Several observations of clinical importance were made. Infection and antibiotic treatment during CPIs could be a possible risk factor for developing ir-hepatitis. Severity of ir-hepatitis is potentially underestimated in a significant number of patients, if only one liver enzyme is measured. The role of second-line immunosuppressants needs to be further investigated because of the high risk of hepatitis relapse during steroid tapering and the potential negative impact of cumulative steroid dose on response to CPIs.
免疫相关肝炎(ir-hepatitis)是检查点抑制剂(CPIs)的常见副作用。在这里,我们对接受 CPIs 治疗的转移性黑色素瘤(MM)患者的大量队列进行了 ir-hepatitis 特征描述,并描述了潜在的风险因素和医学管理的疗效。
这项回顾性研究包括了 2010 年至 2019 年间接受 CPIs 治疗的大量 MM 患者队列。患者从丹麦转移性黑色素瘤数据库中检索。

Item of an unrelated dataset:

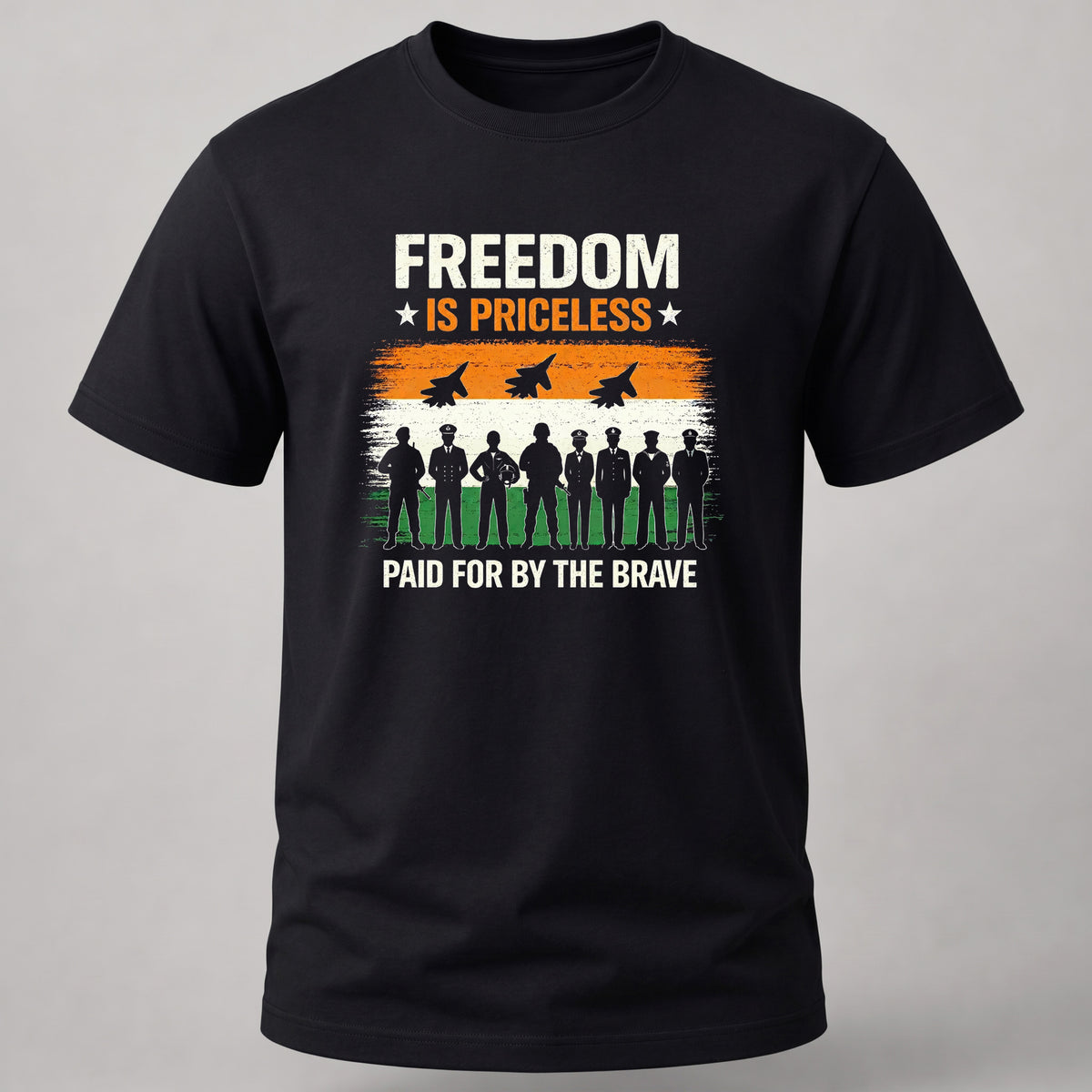 Freedom Is Priceless T-Shirt Black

共纳入 521 例患者。6.8%的患者出现 ir-hepatitis。联合治疗与单药治疗相比,风险显著增加。在所有患有肝炎的患者中,有 34.9%根据丙氨酸转氨酶(ALT)或天冬氨酸转氨酶(AST)水平,肝炎分级不同。在所有患有肝炎的患者中,72.1%接受了类固醇治疗,有两名患者接受了额外的二线免疫抑制剂治疗。在所有患有肝炎的患者中,有 35.5%在类固醇逐渐减量期间肝炎复发。在所有患者中,分别有 18.6%和 25%的患者在结束抗生素治疗感染后 7 天内出现≥2 级和≥3 级 3 的肝炎。接受>4000mg 累积剂量类固醇的患者(62.5%)发生癌症进展,而接受<4000mg 类固醇治疗的患者为 22.7%。
我们观察到了一些具有临床重要意义的结果。CPIs 期间的感染和抗生素治疗可能是发生 ir-hepatitis 的一个潜在危险因素。如果只测量一种肝酶,ir-hepatitis 的严重程度在相当数量的患者中可能被低估。二线免疫抑制剂的作用需要进一步研究,因为在类固醇逐渐减量期间肝炎复发的风险很高,而且累积类固醇剂量对 CPIs 反应的潜在负面影响。